As I noted previously, the world currently operates in the context
of what might be called "international anarchy." There
presently exists no public supranational institution of contract
enforcement for commercial transactions between members of different
countries. (4) In principle, if parties from different nations have a
contractual dispute, they may use the state court of one or the other to
settle the disagreement. However, there are several problems with this
solution.
First, how are agents to decide whose state court will be used?
Different national legal systems will arrive at different conclusions
regarding disputes. Parties to these disputes therefore have an interest
in determining which state's court will be used. In particular,
each is likely to prefer that the dispute be settled in his
nation's court and very much desire to avoid winding up in the
state court of the other party. Foreign courts mean foreign, unknown
procedure, laws, language, and contractual interpretation. Thus, there
is a significant "home court" advantage to having the matter
resolved through one's own national court. There is also some
evidence that state courts tend to favor the home party in such
disputes, creating an even larger incentive to avoid an outsider's
court system (see for instance, Finger 1992). Second, when it comes to
international trade, it is very difficult, if not impossible in some
cases, to effectively enforce a foreign court's decision. Why? The
assets of the violating party are often located in a different country,
making them costly and difficult to extract. For these reasons, public
courts do not for the most part form an effective means of settling
disputes that emerge in the process of international exchange.
The primary economic benefit of a global state would thus be its
ability to enable a large number of socially disparate individuals to
realize the widespread gains from exchange by providing an overarching,
supranational system of formal adjudication and contract enforcement.
The presence of such an institution would reduce the uncertainty of
interacting for the purposes of trade, increasing international exchange
and along with it social wealth. Just as the benefit of government at
the national level has traditionally been construed in terms of
government's ability to enable agents within its domain to capture
additional benefits from trade, so too would the benefit of a world
state be found in this capacity.
However, what if the international arena had informal institutional
arrangements that enabled large numbers of socially heterogeneous agents
to realize the gains from widespread exchange? In this event, the
expected benefit of introducing world government would diminish
considerably, if not entirely. Conventional wisdom suggests that such
arrangements will operate successfully only among small, homogenous
groups. Is there any reason to think that such institutions function
smoothly, or even exist, on the international level?
TRADE UNDER INTERNATIONAL ANARCHY
Historical and contemporary evidence suggests there is. Modern-day
international trade is based largely on the set of informal institutions
that governed such exchange when it first emerged on a significant scale
in 12th century Medieval Europe. This set of informal institutions is
called the lex mercatoria, or Law Merchant.

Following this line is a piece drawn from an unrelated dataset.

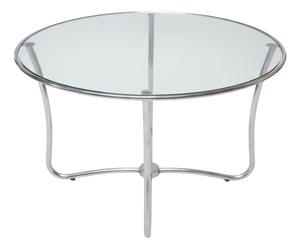 Bauhaus Round Glass Coffee Table, 1930s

The Law Merchant is a complex polycentric system of customary law
that arose from the desire of traders in the late 11th century to engage
in cross-cultural exchange. In the absence of formal enforcement this
custom-based system relied on private arbitration for resolving
disputes. (5) Between the early 12th and late 16th centuries, virtually
all European trade operated this way with great success. (6) This system
enabled large numbers of merchants to expand trade significantly and
realize substantial additional gains from international exchange.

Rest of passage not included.